**What this task involves:**
Write out the entries below exactly, but only from the line containing "Laden Sie das" through the line containing "JP Group 1214250300", and without the pictures.

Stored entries
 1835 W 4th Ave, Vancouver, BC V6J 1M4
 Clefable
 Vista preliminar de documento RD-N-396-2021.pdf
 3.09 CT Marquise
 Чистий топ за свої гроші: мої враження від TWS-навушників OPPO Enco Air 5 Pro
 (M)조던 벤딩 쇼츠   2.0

* * *

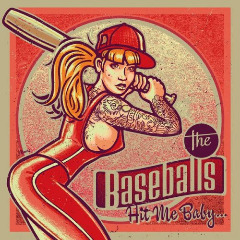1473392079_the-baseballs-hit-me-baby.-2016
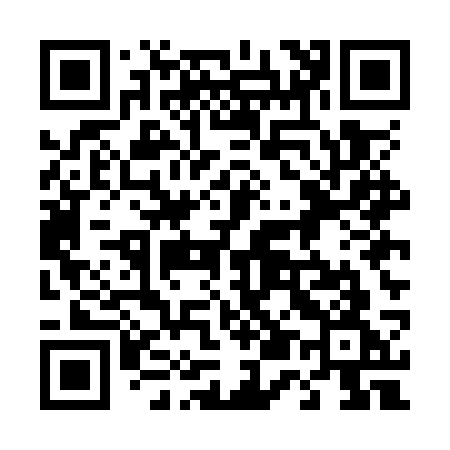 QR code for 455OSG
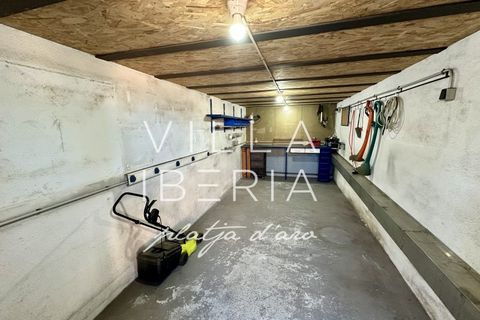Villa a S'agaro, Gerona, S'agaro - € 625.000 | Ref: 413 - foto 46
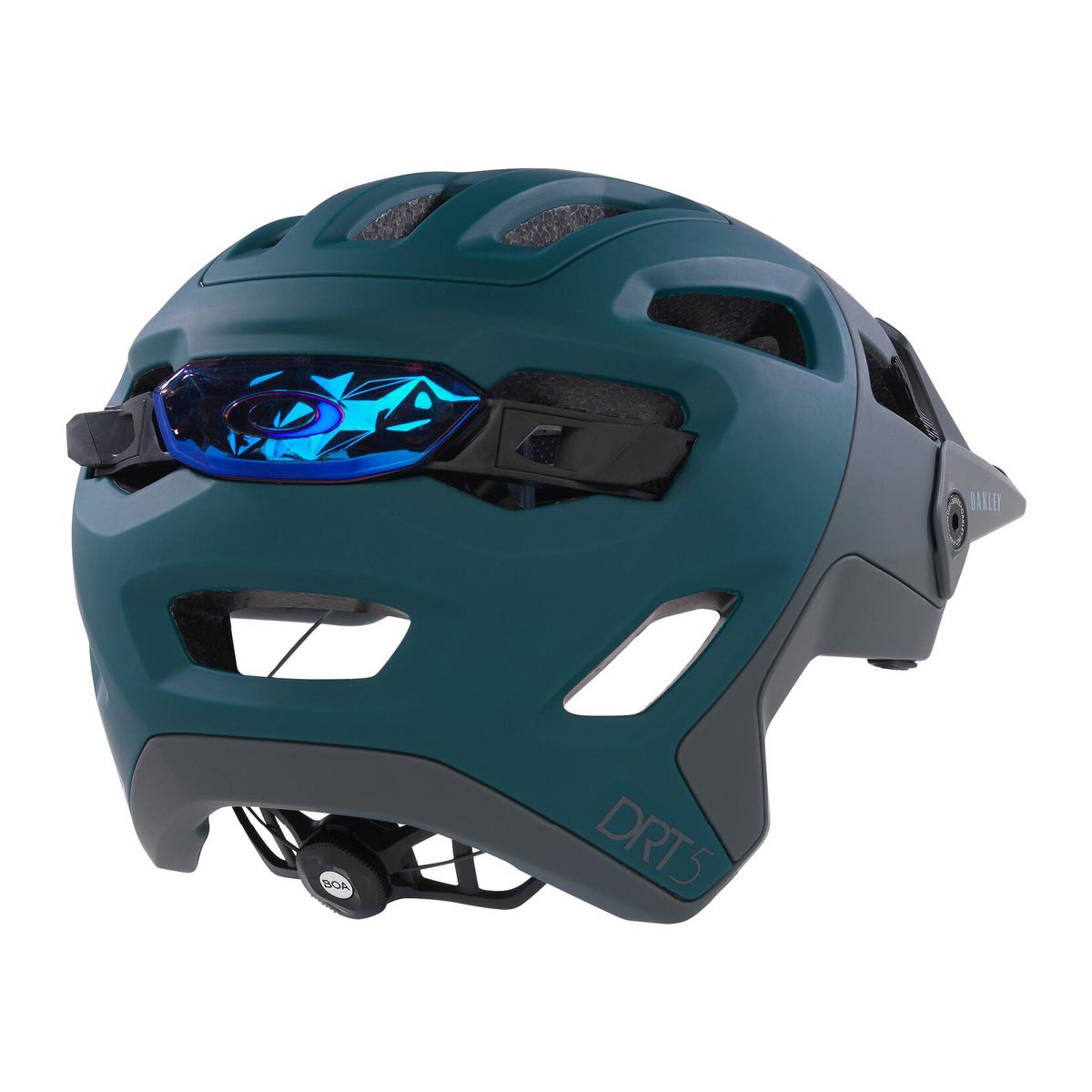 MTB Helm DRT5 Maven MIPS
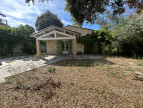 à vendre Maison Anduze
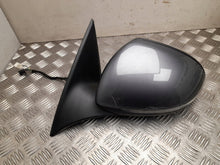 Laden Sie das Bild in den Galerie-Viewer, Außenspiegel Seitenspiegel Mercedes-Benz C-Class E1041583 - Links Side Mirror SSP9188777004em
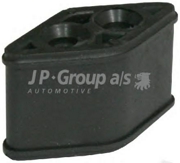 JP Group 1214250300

* * *

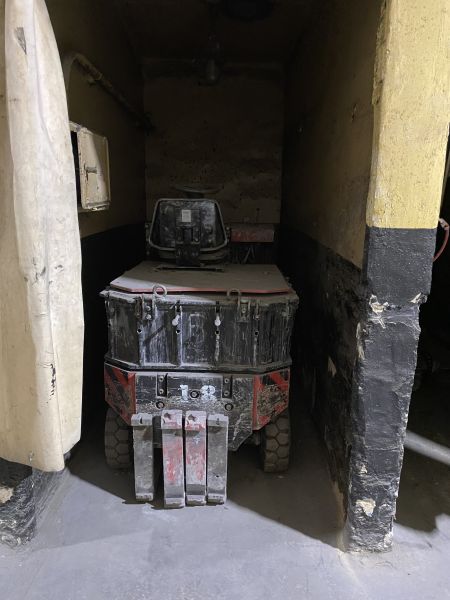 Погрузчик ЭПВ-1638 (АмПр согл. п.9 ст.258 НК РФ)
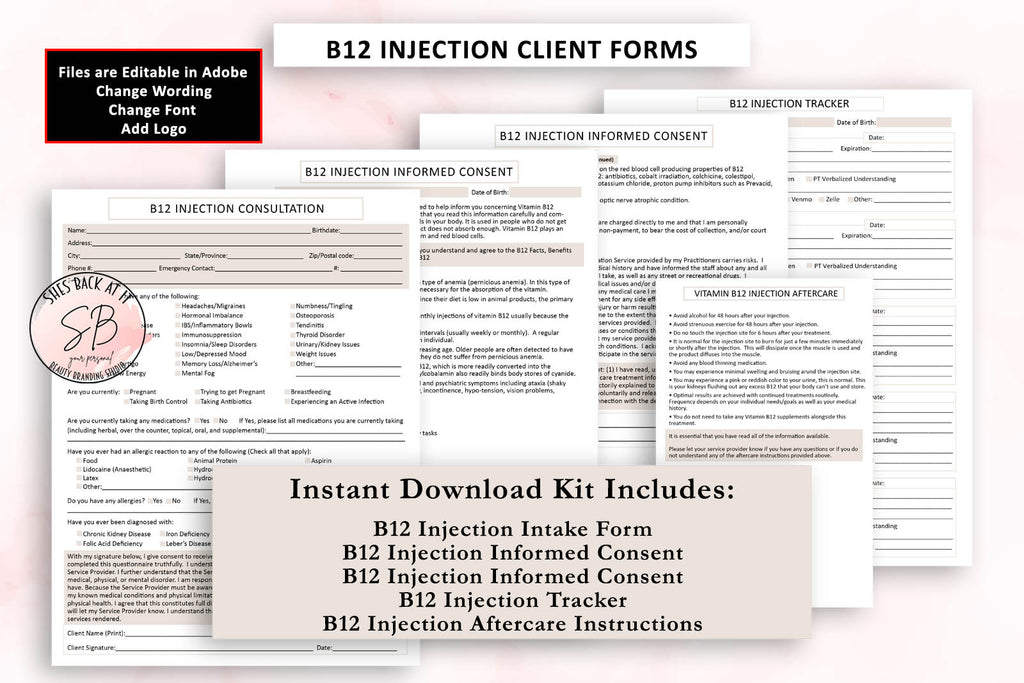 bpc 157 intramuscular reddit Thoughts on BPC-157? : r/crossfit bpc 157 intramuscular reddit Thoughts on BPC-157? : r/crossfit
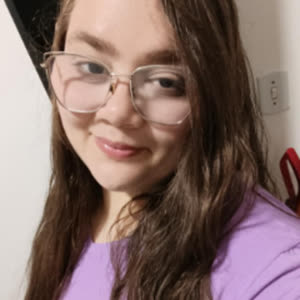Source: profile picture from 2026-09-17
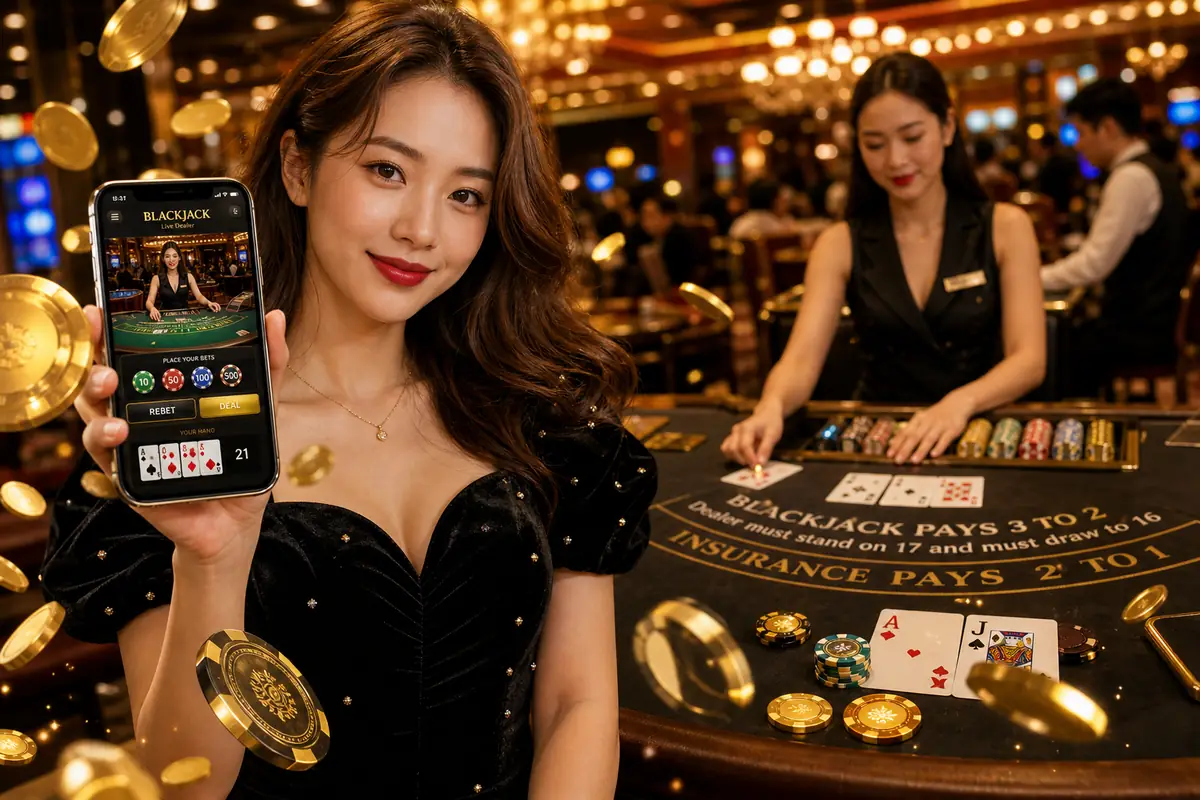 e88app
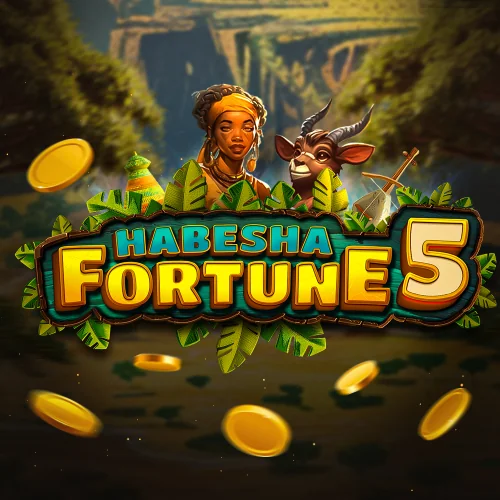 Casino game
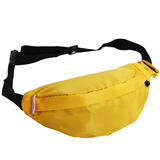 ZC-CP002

**Exercise output:**
 Laden Sie das Bild in den Galerie-Viewer, Außenspiegel Seitenspiegel Mercedes-Benz C-Class E1041583 - Links Side Mirror SSP9188777004em
 JP Group 1214250300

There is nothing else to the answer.